The side rails 22 are equipped with latches 42 to hold the deck 40 down once the deck 40 is put in place. The latches 42 are mounted to the parallel flanges 22b of the side rail 22 and are configured to project up through slots 40a in the deck 40. The latches 42 include a catch element 46 connected to a spring-biased latch pin 44 that pulls the catch element 46 down into contact with the top surface of the deck 40. The latch pin 44 with the attached catch element 46 is rotatable.
To secure the deck 40 in place, the latch 42 is rotated so that the catch element 46 can pass through the slot 40a in the deck 40 while the deck 40 is being lowered into place as shown in FIG. 5A. Once the deck 40 is in place, latch pin 44 is pushed upward and then rotated 90 degrees so that the catch element 42 extends over and engages the upper surface of the deck 40 as shown in FIG. 5B. The latch pin 44 is biased by a spring 48 so that when the latch pin 44 is released, the catch element 46 presses the deck 40 down against the support surface, thus preventing the deck 40 from lifting up off the side rail 22. The top surface of the deck 40 includes a recess or counter-sink 40b into which the catch element 46 seats so that the catch element 46 is flush with or below the top surface of the deck 40. Providing a recess 40b in the top surface of the deck 40 for the catch element 46 reduces the tripping hazard and further reduces the likelihood that the catch element 46 will be accidentally kicked and disengaged.
Referring back to FIG. 3, the ends of each side rail 22 connect directly or indirectly to a C-shaped guide channel 24 sized to fit around the vertical supports 14 of the ladder frames 12. In one embodiment, a square sleeve 23 is interposed between each end of the side rail 22 and the guide channel 24 for mounting a safety rail to the platform. The sleeve 23 is configured to receive posts P of the safety rail (not shown), which can be secured to the sleeve 23 by latches (not shown). In one embodiment, the side rail 22, sleeves 23 and guide channel 24s for each side rail assembly are welded together to form a unitary structure.

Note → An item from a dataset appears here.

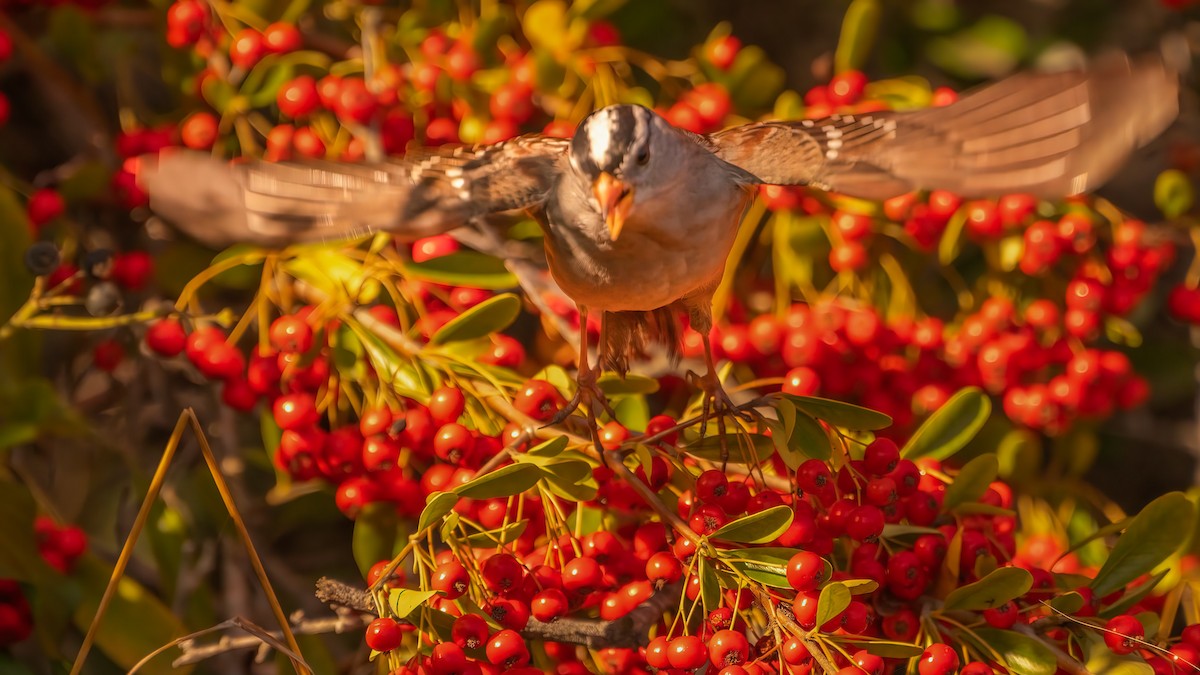 White-crowned Sparrow (Gambel's) - ML644907849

The guide channels 24 comprises a C-shaped channel and are configured to slide along the vertical supports 14 of the ladder frames 12 at each end of the scaffold 10 to adjust the height of the platform 20. Two openings 26 are formed in the inner flanges of each guide channel 24 for locking the guide channel 24 at a selected height as hereinafter described. The openings 26 are spaced to align with the openings 18 in the vertical supports 14 of the ladder frame 12 at preselected heights. The openings 26 in the guide channels 24 are engaged by a releasable locking mechanism 30 (described below) on the platform 20 to secure the platform 20 at a desired height between the ladder frames 12. A third opening 28 is formed near a lower end of the guide channel 24 and aligns with an opening 18 in the vertical support 14. A latch 29 passes through aligned opening 28 and 18 in the guide channel 24 and vertical support 14 respectively. The latch 29 serves as a failsafe and provides additional safety in case the locking mechanism 30 inadvertently disengages. Diagonal braces 25 connect a lower end of each guide channel 24 to the side rail 22 to increase the strength and rigidity of the assembled scaffold 10. The increased stability enhances worker's confidence when standing on the scaffold.

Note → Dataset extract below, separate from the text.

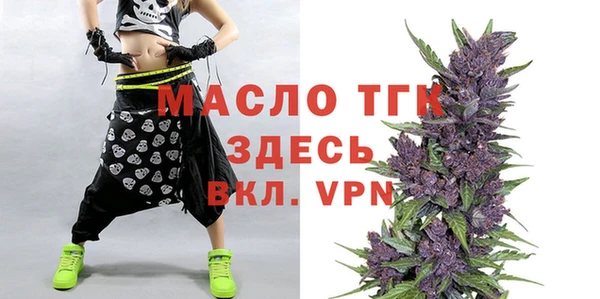 2c-b Ельня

Each guide channel 24 includes a releasable locking mechanism 30 for locking the platform 20 at a desired height. In one embodiment, the releasable locking mechanism 30 comprises a U-shaped latch 32 that engages with the aligned openings 26 and 18 in the guide channel 24 and vertical supports 14 respectively to lock the side rail 22 at a desired height. Each latch 32 includes a pair of spaced apart legs 32a connected by a cross member 32b. A bracket 34 supports the latch 32. The bracket 34 includes a pair of openings 36 through which the legs 32a of the latch 32 extend. Springs 38 surrounding each leg 32a of the latch 32 and bias the latch 32 to a locked position. The springs 38 are compressed when the latch 32 is pulled back to disengage the latch 32 and push the latch 32 back to an engaged position when the latch 32 is released.
In some embodiments, the scaffold 10 includes casters 50 disposed at the lower end of each vertical support 14 as shown in FIGS. 6A and 6B. Each caster 50 includes a stem 52 that extends into the lower end of a vertical support 14. The stem 52 is sufficiently long to overlap at least two openings 18 in the lower end of the vertical support 14. The stem 52 of the caster 50 includes an opening 54 that is located to align with an opening 18 in the vertical support 14 when the stem 52 of the caster 50 is inserted into the vertical support 14. A latch 56 passes through aligned openings 54 and 18 in the caster 50 and vertical support 14 respectively to secure the caster 50 to the vertical support 14.
In the embodiment shown in FIG. 6A, the stem 52 further includes a second opening 58 oriented 90 degrees relative to the first opening 54. The second opening 56 is for use when the platform 20 is adjusted to the minimum height as shown in FIG. 2B. In this case, the obstruction of the guide rail 20 prevents insertion of the latch 56 through the aligned openings 54 and 18 in the caster 50 and vertical support 14. In this case, the second opening 58 aligns with opening 18a in the vertical support and an opening 27 in the guide channel 24 of the side rail 20 so that the latch 56 can be inserted through the aligned openings 58, 18a and 27 to secure the caster 50 to the vertical support 14.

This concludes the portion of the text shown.